-- MATERIAL FOR THIS TASK follows --

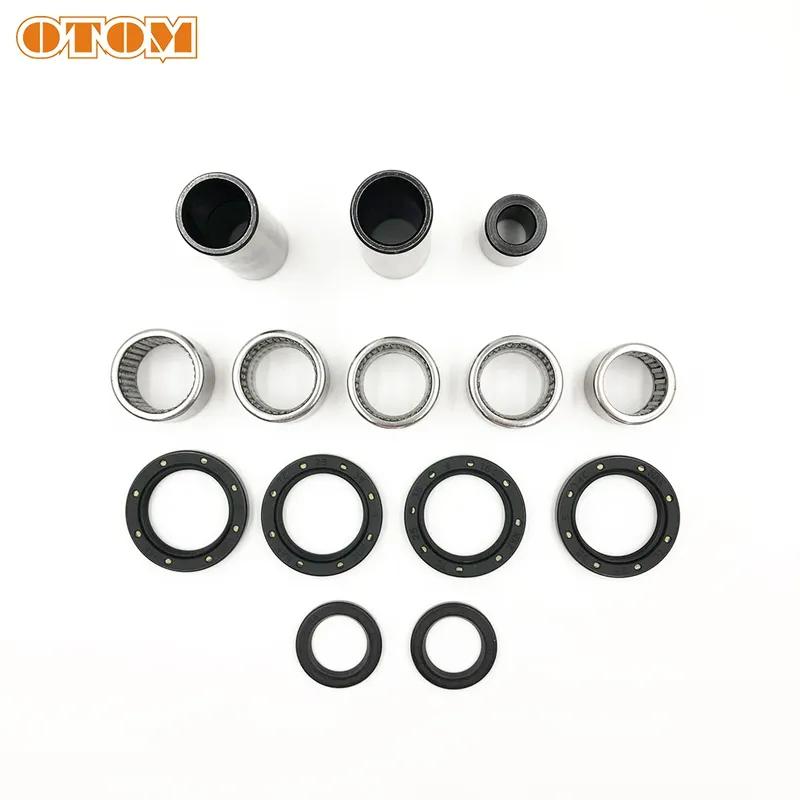 OTOM Motorcycle Shock Triangle Lever Linkage Arm Bearing Seal Bushing Repair Kit For KEWS K16 K18 ZONGSHEN NC250 NC450 Off-road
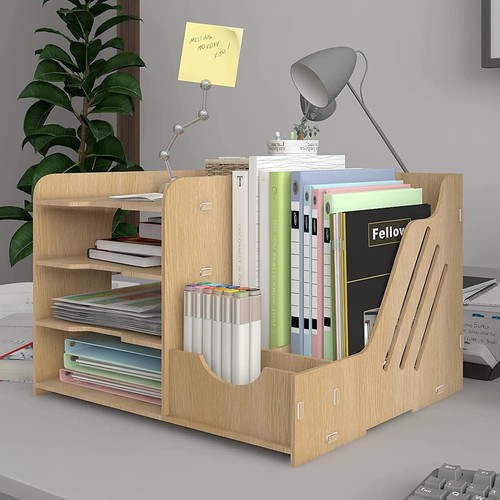 Tier wooden desk - 4, organiser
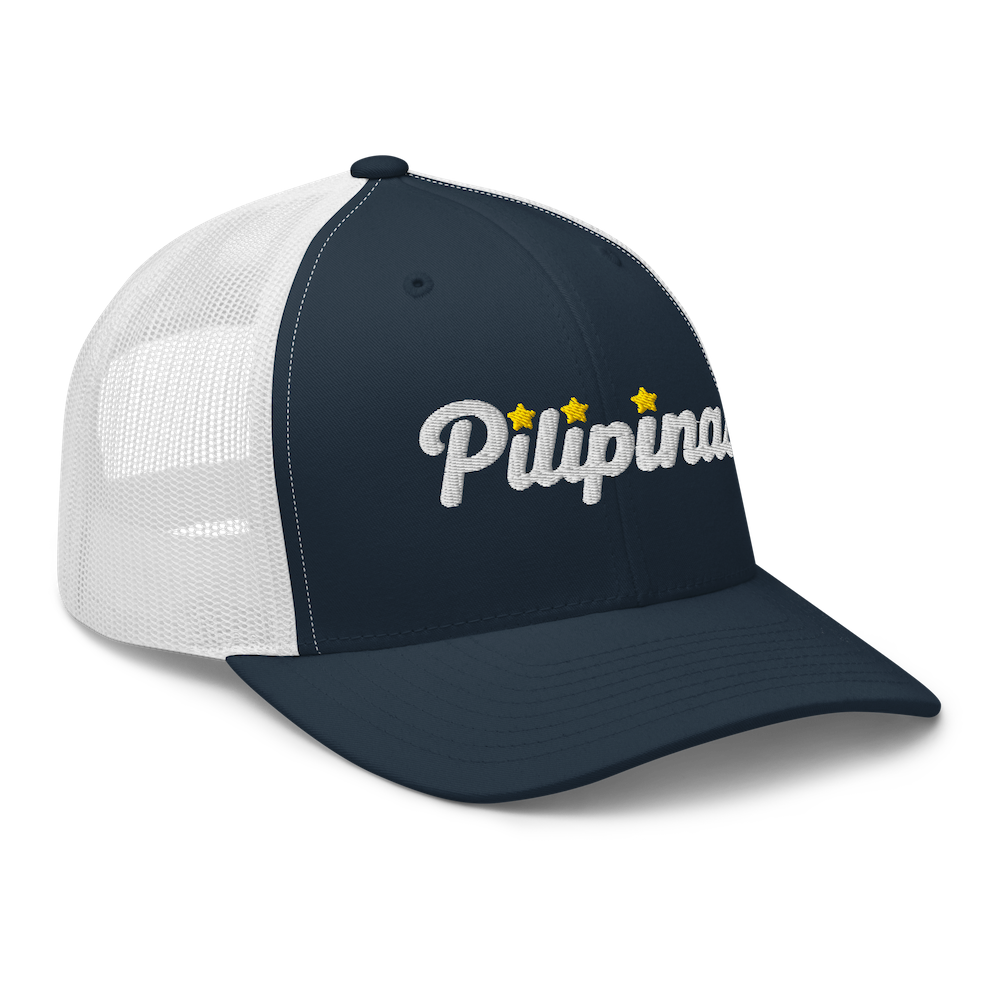 Three-Star Script Trucker Hat
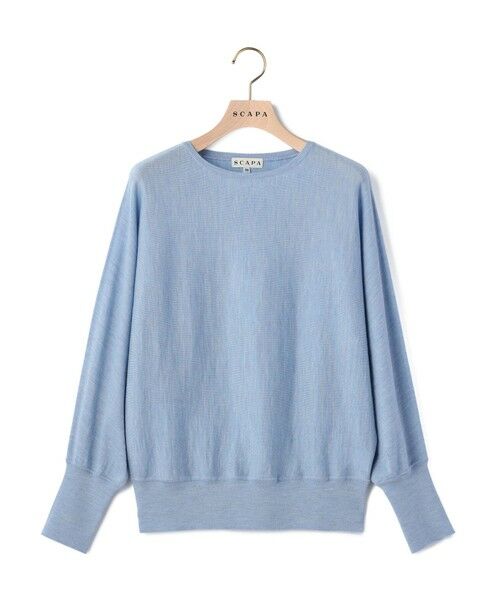 SCAPA/スキャパ ウールハイゲージニットプルオーバー ライトブルー 38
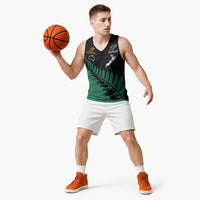Australia New Zealand Rugby Basketball Jersey Green Aboriginal Wallabies and Maori Black Fern LT9 - Polynesian Pride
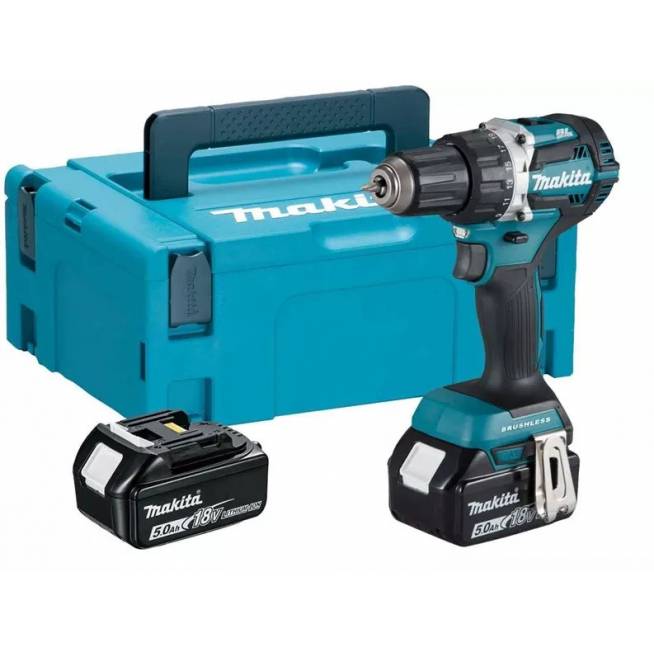 Gręžtuvas su akumuliatoriumi Makita DDF484RTJ, 18 V, 5 Ah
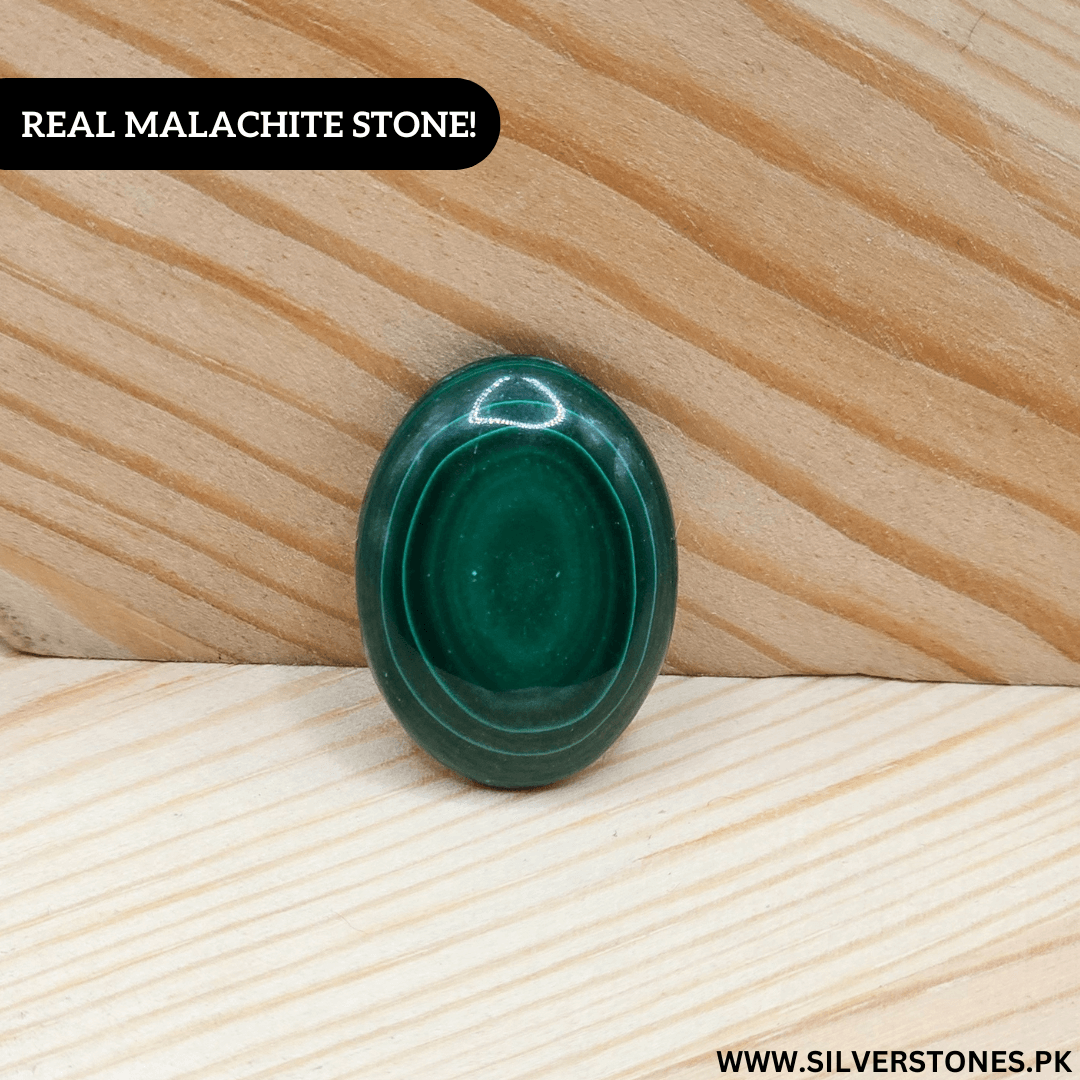 Genuine Real Malachite Stone, vibrant green gemstone known for kidney health and healing energy.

-- MATERIAL FOR THIS TASK concluded --

Reproduce every record in full. Leave out the images.

 OTOM Motorcycle Shock Triangle Lever Linkage Arm Bearing Seal Bushing Repair Kit For KEWS K16 K18 ZONGSHEN NC250 NC450 Off-road
 Tier wooden desk - 4, organiser
 Three-Star Script Trucker Hat
 SCAPA/スキャパ ウールハイゲージニットプルオーバー ライトブルー 38
Australia New Zealand Rugby Basketball Jersey Green Aboriginal Wallabies and Maori Black Fern LT9 - Polynesian Pride
 Gręžtuvas su akumuliatoriumi Makita DDF484RTJ, 18 V, 5 Ah
 Genuine Real Malachite Stone, vibrant green gemstone known for kidney health and healing energy.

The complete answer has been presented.